Persistence mode is toggled explicitly by me as a minimally-invasive way to demonstrate that there’s some symptomatic performance variability. It happens automatically in other cases, for example, after system reboot…

Reverse engineering isn’t really the goal and would be the hard way to do anything associated with UVM; UVM is open-source and I can (and possibly will) dig through it. My end goal is just to see if I can replicate the stable data-transfer rate that I see in UVM through policy in userspace; or find an explanation (e.g. PCIe link downgrade) that prevents it.
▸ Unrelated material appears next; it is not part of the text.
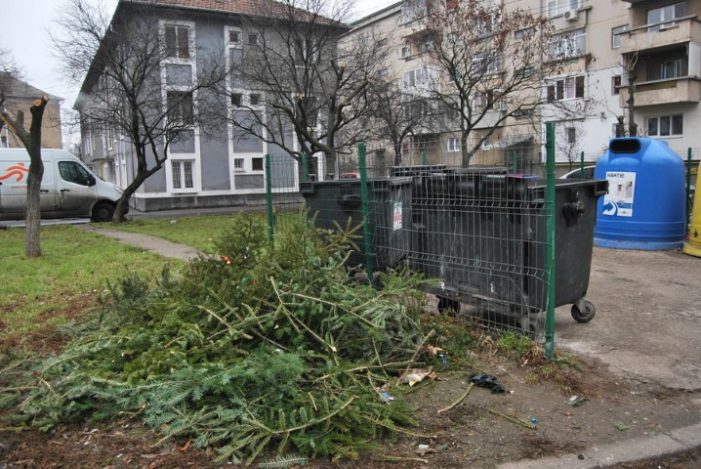 Colectarea brazilor de Crăciun are loc în perioada 12-25 ianuarie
To provide an answer for anyone who stumbles upon this:

Your system may have ASPM enabled in BIOS, software that is managing it:

However, the link seems to automatically downgrade from the device-side when the device is downclocked. You can use nvidia-smi to set a higher clock rate if you want to take measurements without dealing with the PCIe downgrade.

This was not my issue, though. Strangely, fixing the clock/pcie link gen did not resolve my issue. Running a kernel in the background during link transfer did, though. This explains why UVM has performance (UVM device-side access implies kernel running.) The mechanism that causes this behavior is beyond me, though.

That is because both of these measures reduce GPU power consumption when no CUDA kernels are running. The GPU’s own power management reduces core clock, reduces memory clock, reduces core voltage, and downgrades the PCIe link.